N’y a-t-il pas de chances pour
éviter une guerre civile au bord de laquelle se trouvent les Palestiniens ? Selon
Moustapha Al-Barghouti, secrétaire général de l’initiative nationale
palestinienne, ce qui se passe actuellement en Palestine ne profite qu’à
Israël, et ne fait qu’anéantir tous les efforts de dialogue national. « Il faut
retourner à la table de négociations pour arrêter le bain de sang. Les
responsables malheureusement se sont engagés dans une lutte sur le pouvoir,
alors qu’on n’a même pas un Etat proprement dit, notre Etat est sous
l’occupation. Ceci dit, il faut essayer autant que possible de former un
gouvernement d’union nationale même si ce dernier ne doit survivre que quelques
mois avant l’organisation des élections », a-t-il assuré.
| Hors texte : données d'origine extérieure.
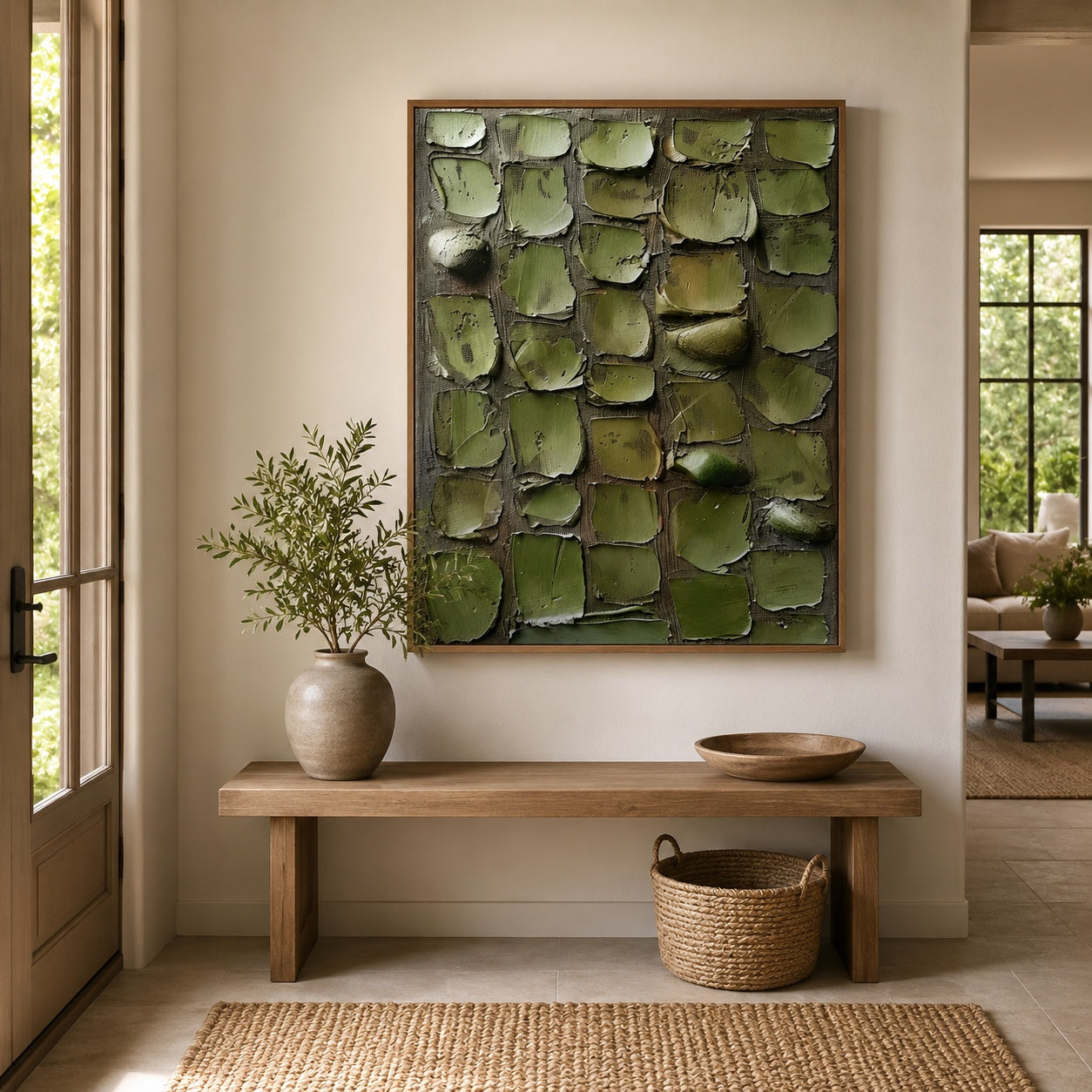 Olive Stone Mosaic – Green Textured Abstract Painting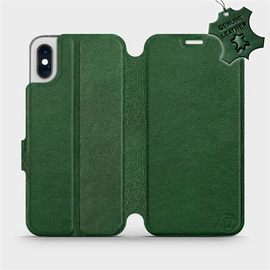 Hülle für Apple iPhone X - Farbe Green Leather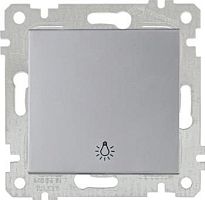 Выключатель Mutlusan Rita кнопочный, символ - лампа, пруж. зажимы, нерж. сталь Выключатель Mutlusan Rita кнопочный, символ - лампа, пруж. зажимы, нерж. сталь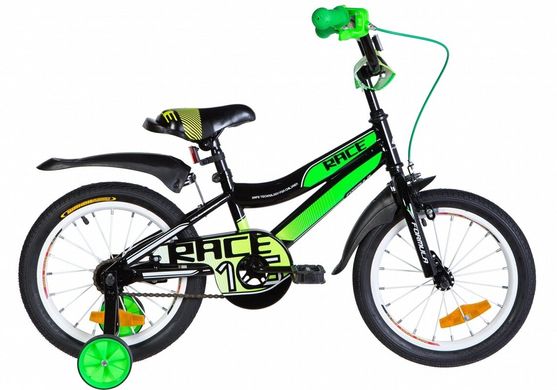 Велосипед 16 "Formula RACE, 2020, чорно-зелений з білим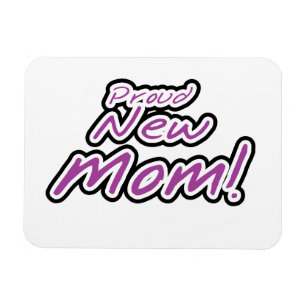 Nieuwe mam zwart en Paarse tekstcadeaus Magneet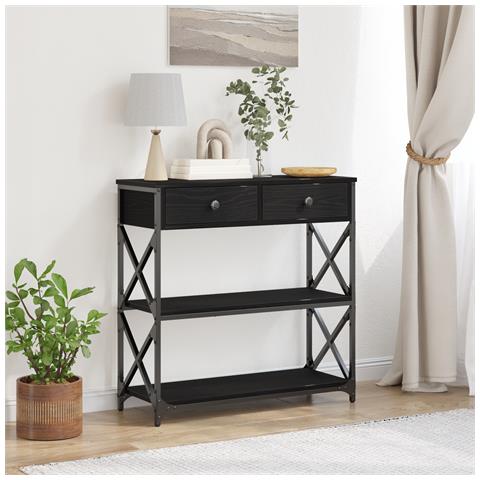 Tavolino Nero Rovere 75x28x75 cm Legno Ingegnerizzato e Acciaio - Foto 2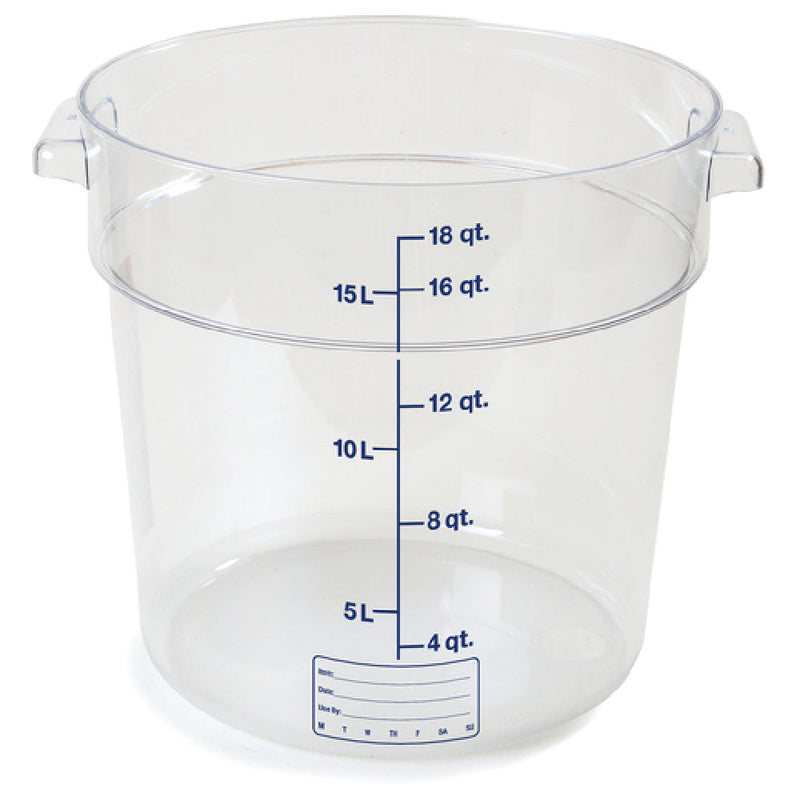 Carlisle 1076807 18 Qt Round Storage Container with Easy Grip Handles Polycarbonate Clear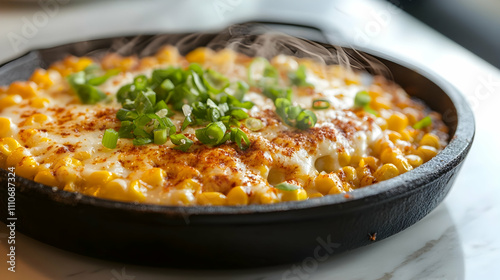 Korean Corn Cheese with Gochugaru Butter, Mozzarella and Green Onions, Street Food Photography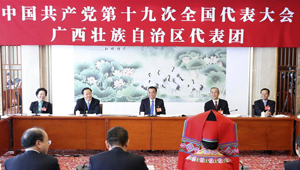 Li Keqiang nimmt an Podiumsdiskussion mit den Delegierten aus Guangxi teil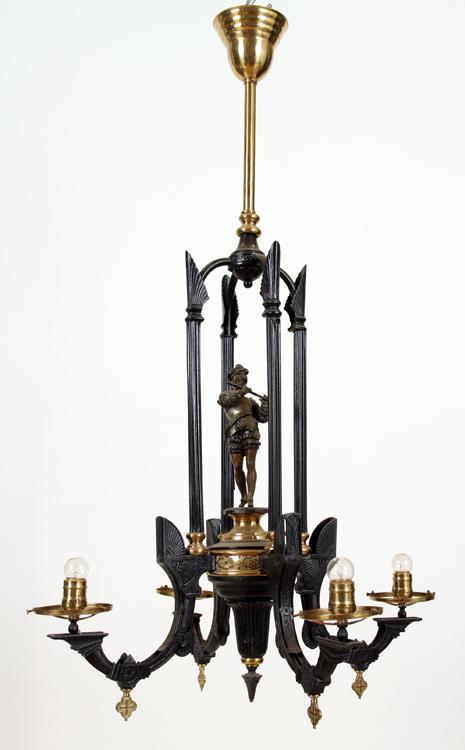 AESTHETIC PERIOD MIXED METAL GAS CHANDELIER C1870 (1 of 6)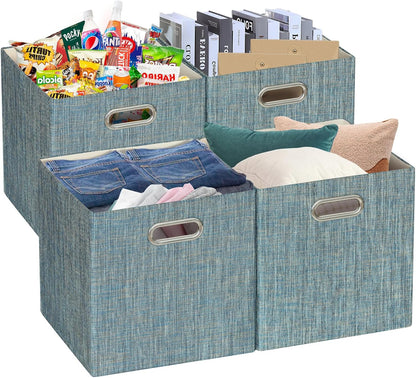 Collapsible Storage Bins,13×13 Foldable Storage Cube Boxes Fabric Drawer Fabric Storage Bins Vinyl Record Light Coffee, 4 Pack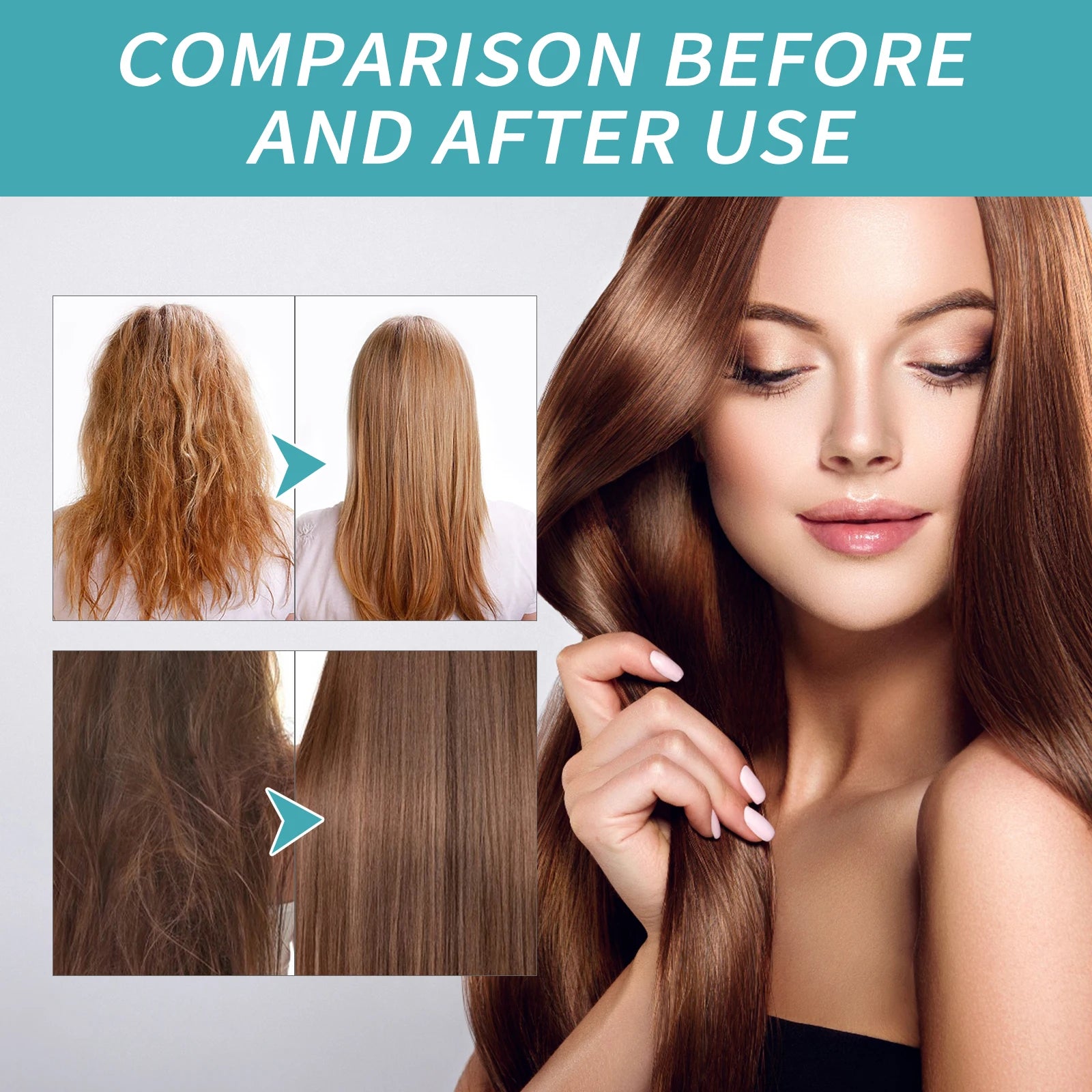 EELHOE Straight Hair Styling Mousse Long Lasting Styling Reduces Hair Frizz Repair Damaged Hair Treatment Cream 60ML Zpaxo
Même opinion du politologue
palestinien Talal Okal qui voit que la situation actuelle va laminer le Fatah
autant que le Hamas et que les deux doivent procéder à des concessions.
Pour le politologue égyptien
Saïd Okacha, la seule solution réside dans la tenue d’élections anticipées. «
C’est le Hamas qui a semé le trouble dans les territoires palestiniens à cause
de sa politique dogmatique inflexible et c’est à lui de résoudre ce problème. Personnellement,
je crois que la résistance islamique va opter en fin de compte pour
l’acceptation d’élections, et y participera même. Selon les sondages, ni le
Fatah ni le Hamas n’auront la majorité des sièges, ils vont les partager. C’est
la seule voie possible à cette crise », conclut-il.